Assessment is through three graded essays (each chosen individually from a number of suggested or student-chosen topics), as follows:
- Analysis of two different architectures for a particular
scenario in terms of cost/performance tradeoffs for some
functionality and design dimension, for example:
- ATM – e.g. for hardware versus software tradeoff
- IP – e.g. for mobility, multi-homing, multicast, multipath
- 3GPP – e.g. for plain complexity versus complicatedness
- A discursive essay on a specific communications systems component, in a particular context, such as ad hoc routing, or wireless sensor networks.
- A bespoke network design for a narrow, well specified specialised target
scenario, for example:
- A customer baggage tracking network for an airport.
- in-flight entertainment system.
- in-car network for monitoring and control.

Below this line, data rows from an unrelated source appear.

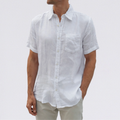 Men’s breathable short sleeve linen shirt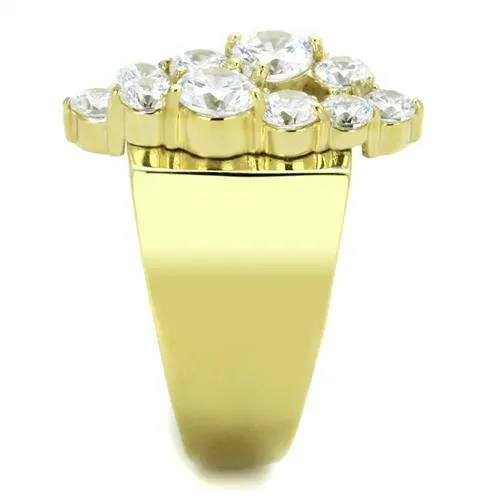 Jewellery Kingdom Cluster Long Cz Clear Steel 18kt Ladies Sparkling 4 Carat Ring (Gold)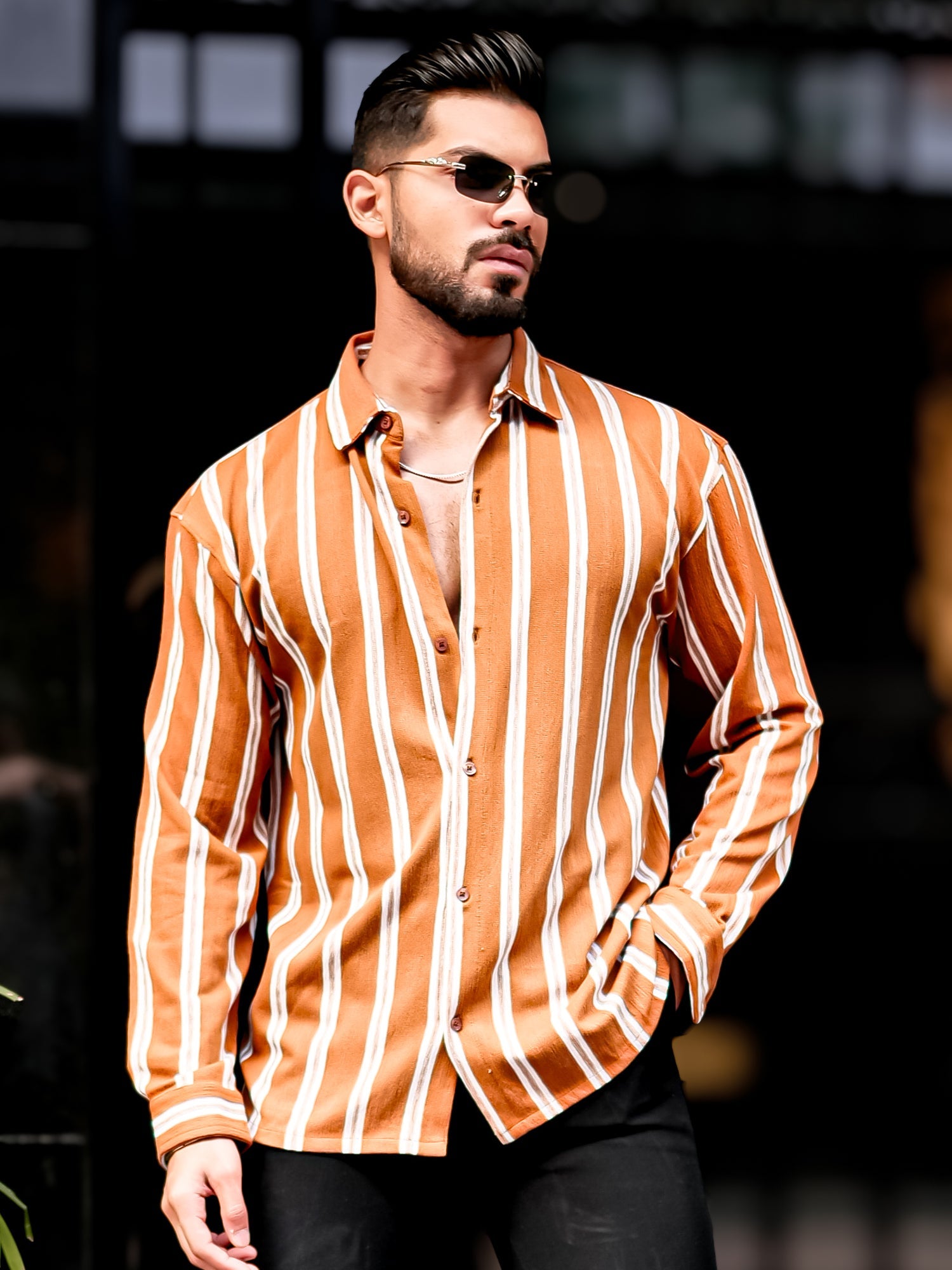 Terry Vertical Stripes Rust Shirt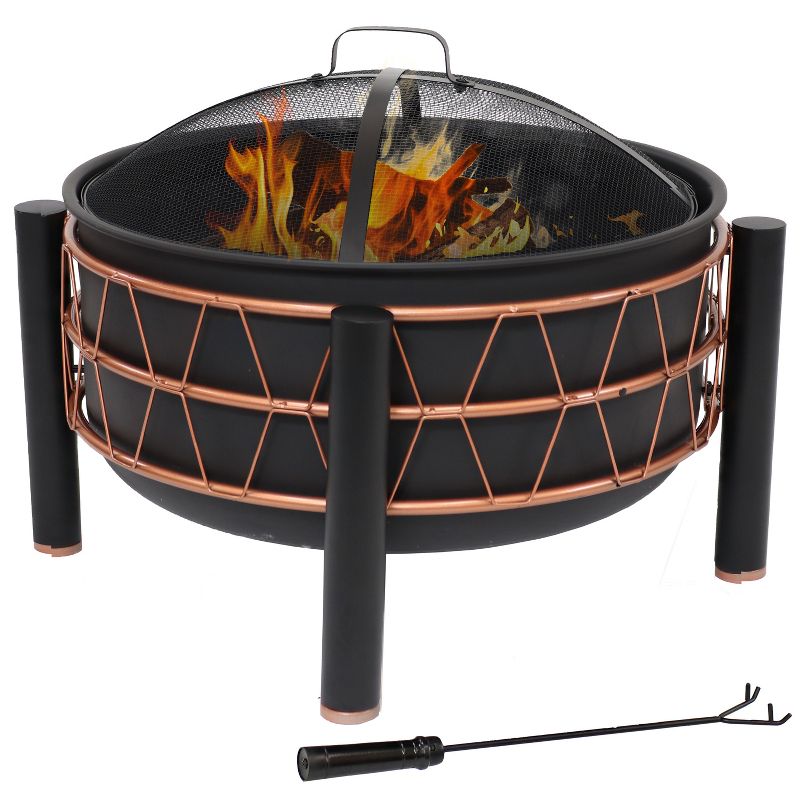 Sunnydaze Steel Fire Pit with Bronze Trapezoid Pattern and PVC Cover - 24.5" Round - Black, 1 of 7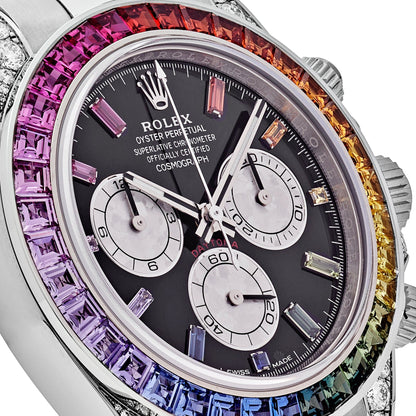 2025 Watch Daytona 116599RBOW 'Rainbow' White Gold Black Dial Sapphire Bezel (2023)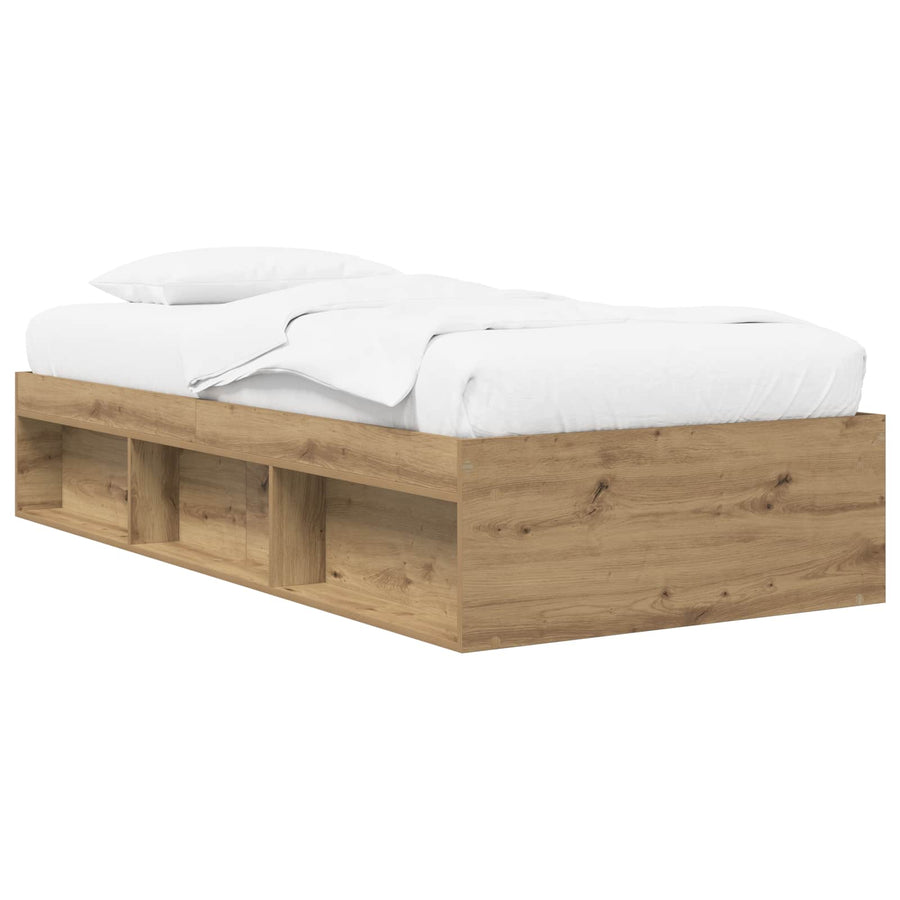 Bedframe met opslag Artisanaal eiken 80 x 200 cm Bewerkt hout
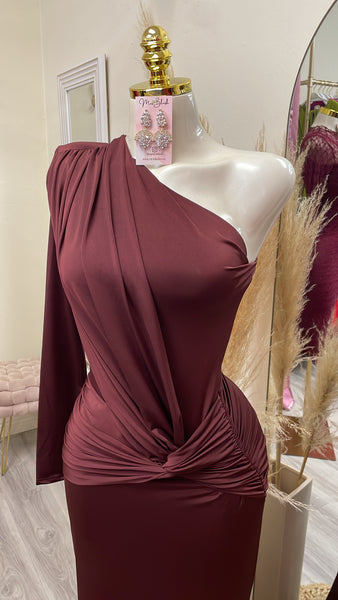 SERAFINA COUTURE DRESS- MAROON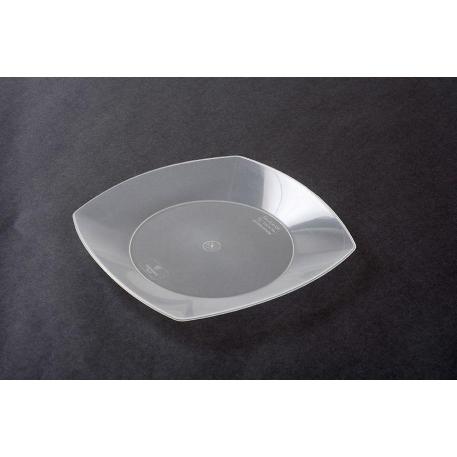 PLATO 17 CM CUADRADO X10 TRANSPARENTE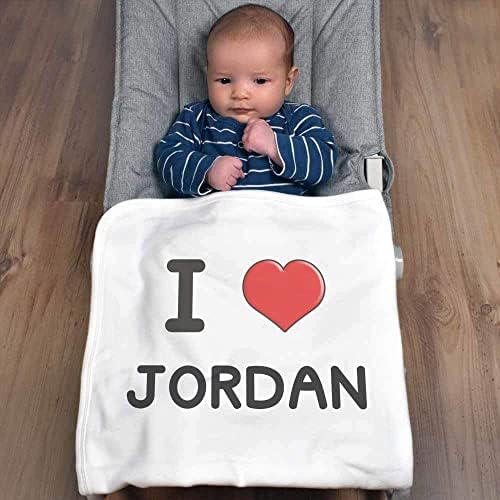 Azeeeda 'I Love Jordan' Cotton Baby Planket/Shawl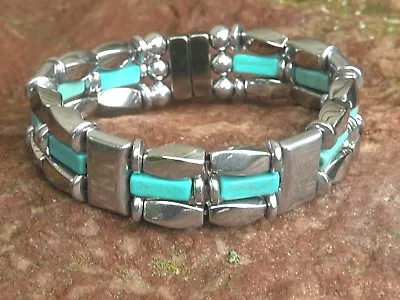 Mens Womens Western Silver Magnetic Hematite Bracelet Anklet Necklace Turquoise+ • $54.99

- inter-car sensor/control network for automatic highways.
This course does not feature any implementation work due to time constraints.
- Three 1,200-word essays (worth 25% each), and
- an annotated bibliography (25%).
Keshav, S. (1997). An engineering approach to computer networking.
Addison-Wesley (1st ed.). ISBN 0201634422
Peterson, L.L. & Davie, B.S. (2007). Computer networks: a systems approach. Morgan Kaufmann (4th ed.).
Day, John (2007). Patterns in network architecture: a return to fundamentals. Prentice Hall.
Krishnamurthy, B. & Rexford, J. (2001). Web protocols and practice: HTTP/1.1, Networking protocols, caching, and traffic measurement. Addison-Wesley.
Economics and networks:
Frank, Robert H. (2008). The economic naturalist: why economics explains almost everything.
Certainly, a collection of papers (see ACM CCR which publishes notable network researchers' favourite ten papers every 6 months or so).
R02 Network Architectures cannot be taken in conjunction with L100 Introduction to Natural Language Processing in 2012-13.